(Beginning of DATASET CONTENT)
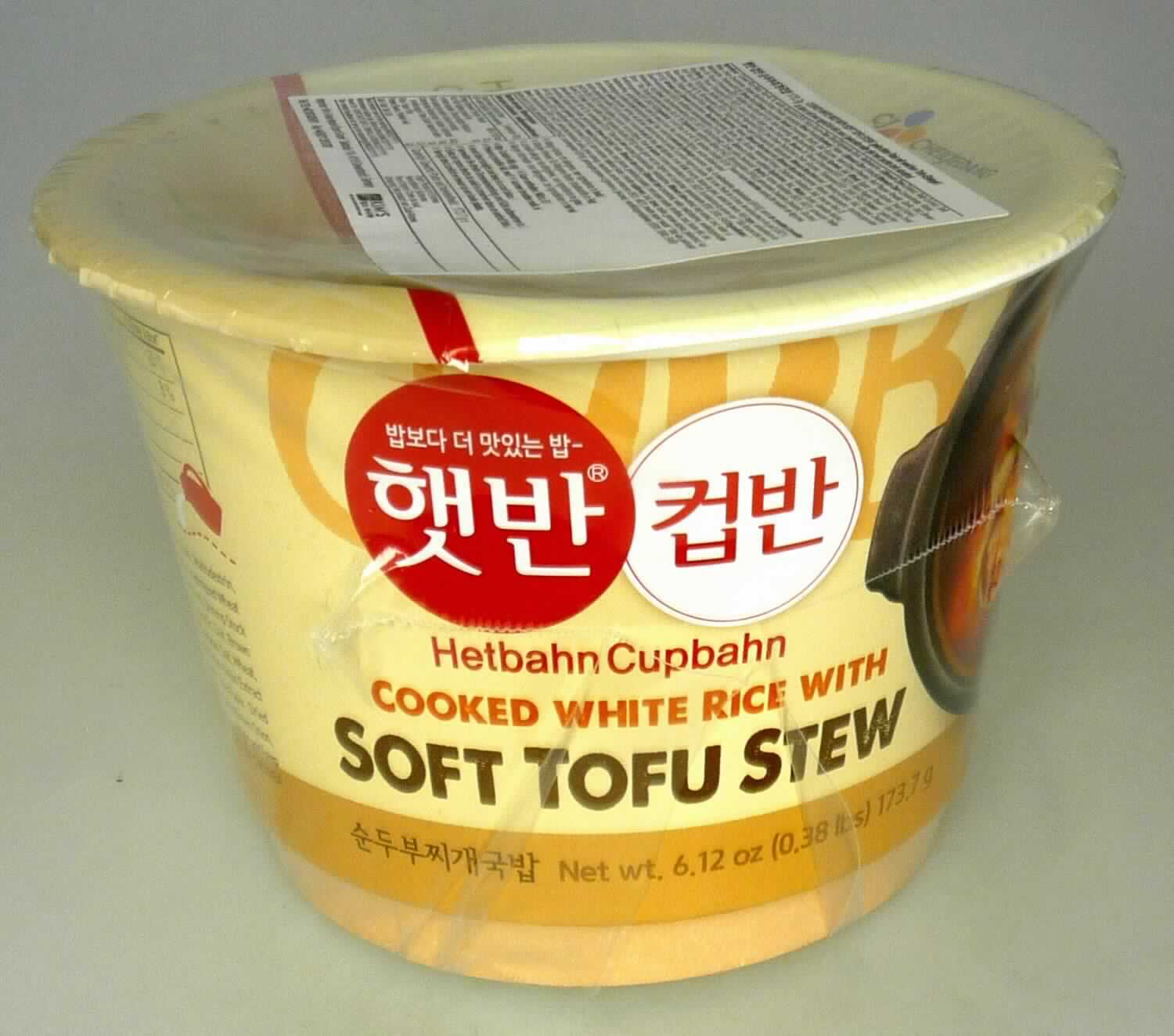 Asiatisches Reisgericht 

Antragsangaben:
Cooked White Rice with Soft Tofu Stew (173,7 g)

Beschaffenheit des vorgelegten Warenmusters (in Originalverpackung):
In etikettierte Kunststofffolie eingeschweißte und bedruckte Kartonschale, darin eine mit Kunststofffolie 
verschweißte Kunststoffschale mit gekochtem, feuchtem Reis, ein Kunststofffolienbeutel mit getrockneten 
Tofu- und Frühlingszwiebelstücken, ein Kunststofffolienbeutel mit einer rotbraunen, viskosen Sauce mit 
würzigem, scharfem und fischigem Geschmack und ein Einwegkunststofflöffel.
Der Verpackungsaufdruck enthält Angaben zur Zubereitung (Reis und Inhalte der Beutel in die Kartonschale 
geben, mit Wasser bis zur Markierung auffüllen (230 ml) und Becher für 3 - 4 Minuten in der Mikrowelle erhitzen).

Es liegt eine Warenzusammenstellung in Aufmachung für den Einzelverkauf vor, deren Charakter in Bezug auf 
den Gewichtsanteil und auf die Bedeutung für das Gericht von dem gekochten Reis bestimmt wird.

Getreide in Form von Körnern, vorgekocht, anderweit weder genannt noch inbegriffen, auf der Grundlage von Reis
(End of DATASET CONTENT)
(Beginning of DATASET CONTENT)
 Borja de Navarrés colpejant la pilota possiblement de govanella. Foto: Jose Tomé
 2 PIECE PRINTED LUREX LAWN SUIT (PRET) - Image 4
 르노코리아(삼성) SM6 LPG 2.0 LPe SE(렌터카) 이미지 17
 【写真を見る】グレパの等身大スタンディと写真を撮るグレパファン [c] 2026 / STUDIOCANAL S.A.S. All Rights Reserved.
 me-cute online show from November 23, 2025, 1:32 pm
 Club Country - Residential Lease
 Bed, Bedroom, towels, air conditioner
(End of DATASET CONTENT)
Of the entries above, repeat exactly the lines from the line with "den Gewichtsanteil und" through the line with "Getreide in Form", both of them included.

▸ EXERCISE RESULT:
den Gewichtsanteil und auf die Bedeutung für das Gericht von dem gekochten Reis bestimmt wird.

Getreide in Form von Körnern, vorgekocht, anderweit weder genannt noch inbegriffen, auf der Grundlage von Reis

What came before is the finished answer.